[Short text fragments from websites]
━━━━━━━━━━━━━━━━━━━━

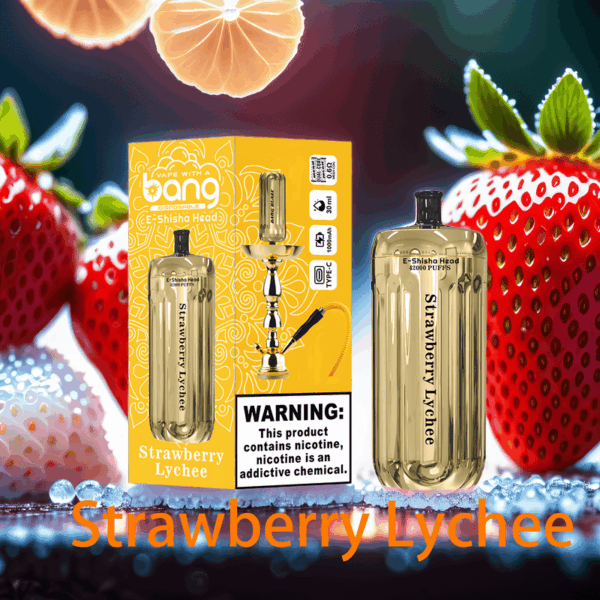 Bang Blaze 42K Puffs Disposable Vape: Unmatched Performance with 42,000 Puffs for an Extended Vaping Experience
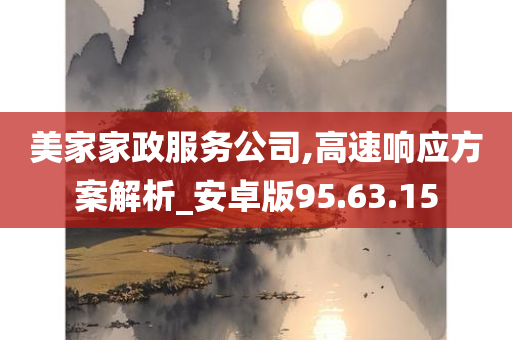 美家家政服务公司,高速响应方案解析_安卓版95.63.15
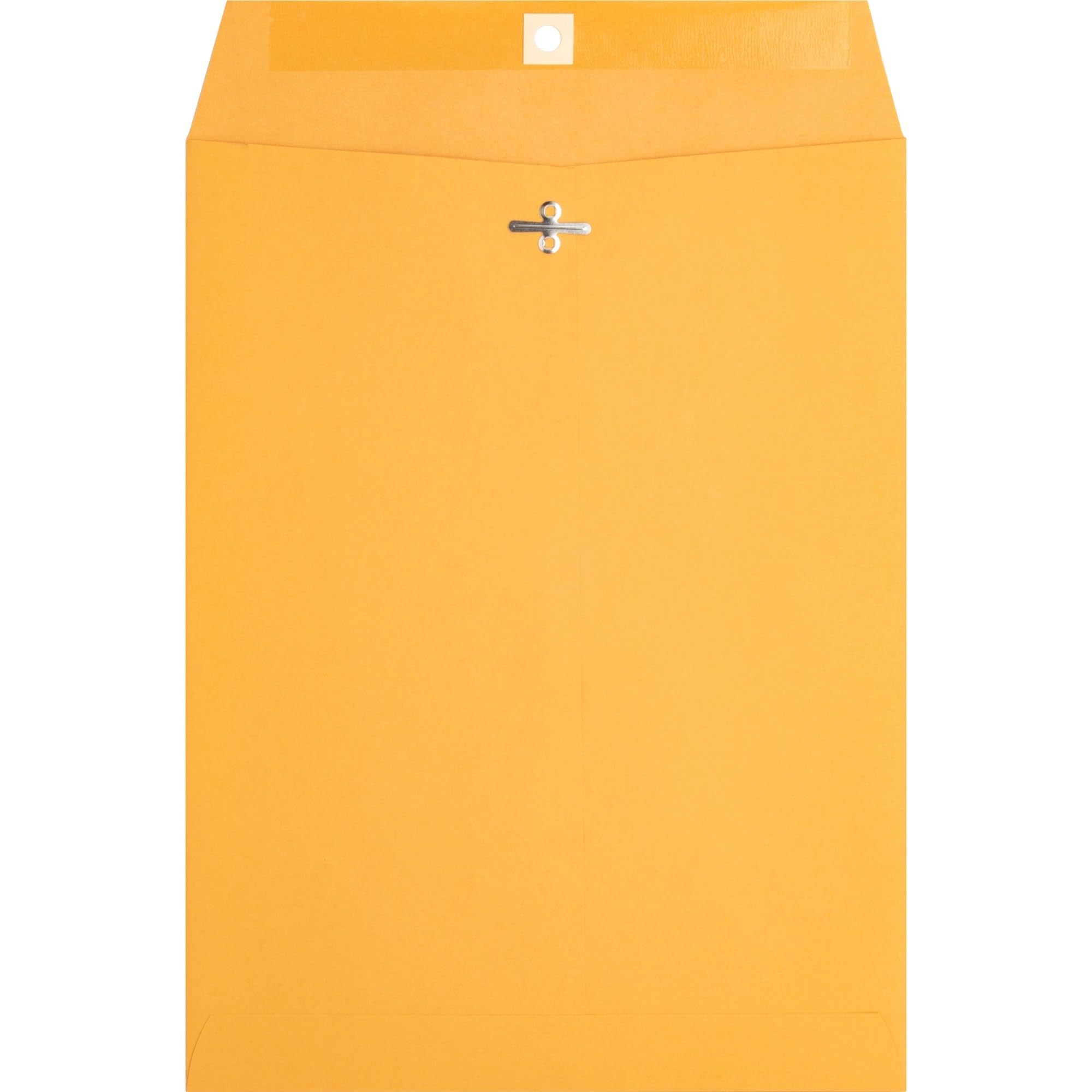 Business Source BSN36663 - Business Source Heavy-Duty Clasp Envelopes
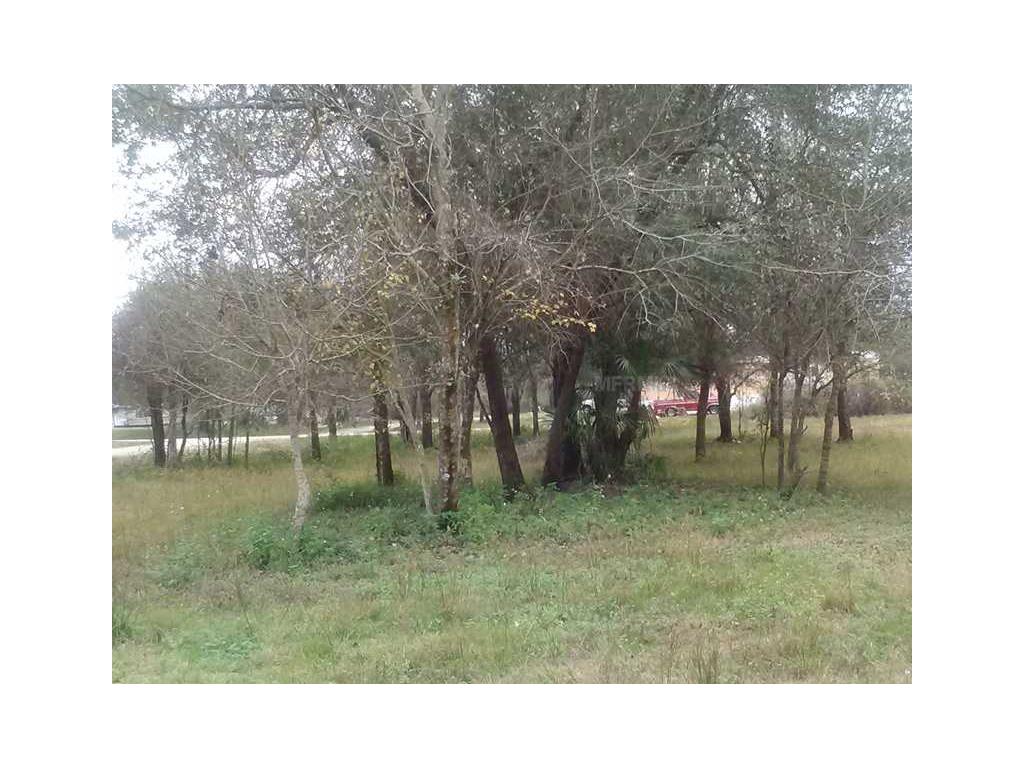 6331 Pablo Ave, Arcadia, FL 34266 photo 1
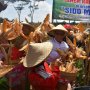 Panen Jagung, Kementan Gandeng Peternak Serap Jagung Petani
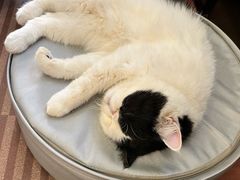 -MOCHA明星猫咖(田子坊店)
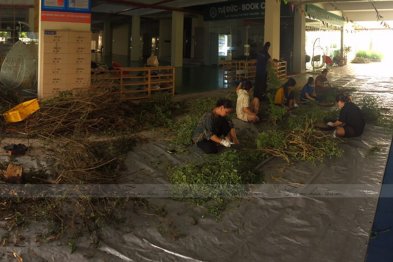 Làm thuốc ở Trường Xanh Tuệ Đức, Khu Đô Thị Thanh Hà, Hà Nội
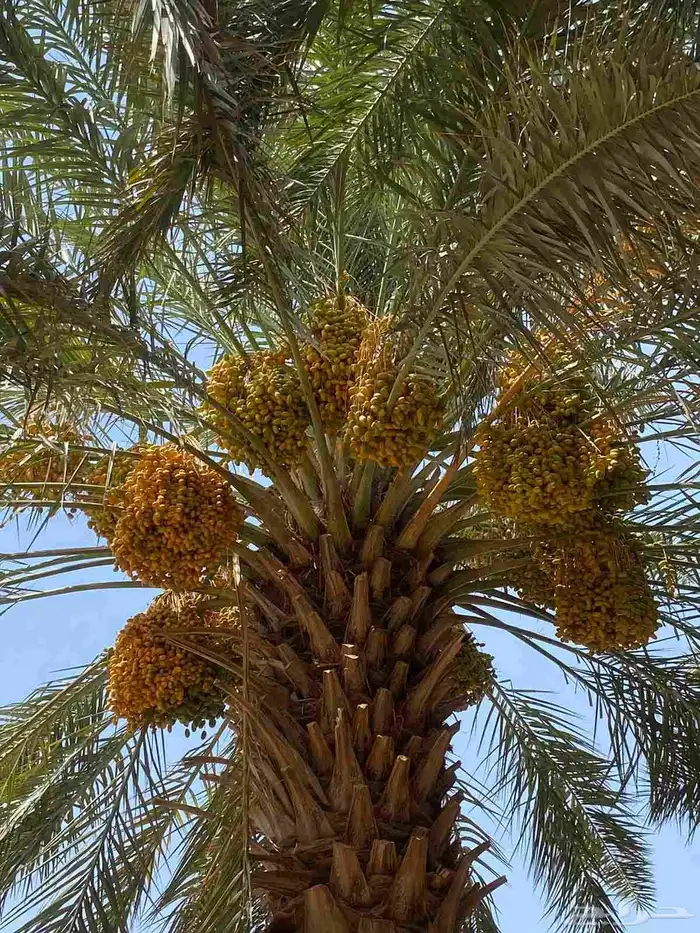 نخل للبيع بجميع انوعه ومقساته 0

━━━━━━━━━━━━━━━━━━━━

Exercise directions —
Output exactly, and only, the lines running from the line containing "美家家政服务公司,高速响应方案解析_安卓版95.63.15" to the last line of the entries above, omitting the pictures.

Answer section —
 美家家政服务公司,高速响应方案解析_安卓版95.63.15
 Business Source BSN36663 - Business Source Heavy-Duty Clasp Envelopes
 6331 Pablo Ave, Arcadia, FL 34266 photo 1
 Panen Jagung, Kementan Gandeng Peternak Serap Jagung Petani
 -MOCHA明星猫咖(田子坊店)
 Làm thuốc ở Trường Xanh Tuệ Đức, Khu Đô Thị Thanh Hà, Hà Nội
 نخل للبيع بجميع انوعه ومقساته 0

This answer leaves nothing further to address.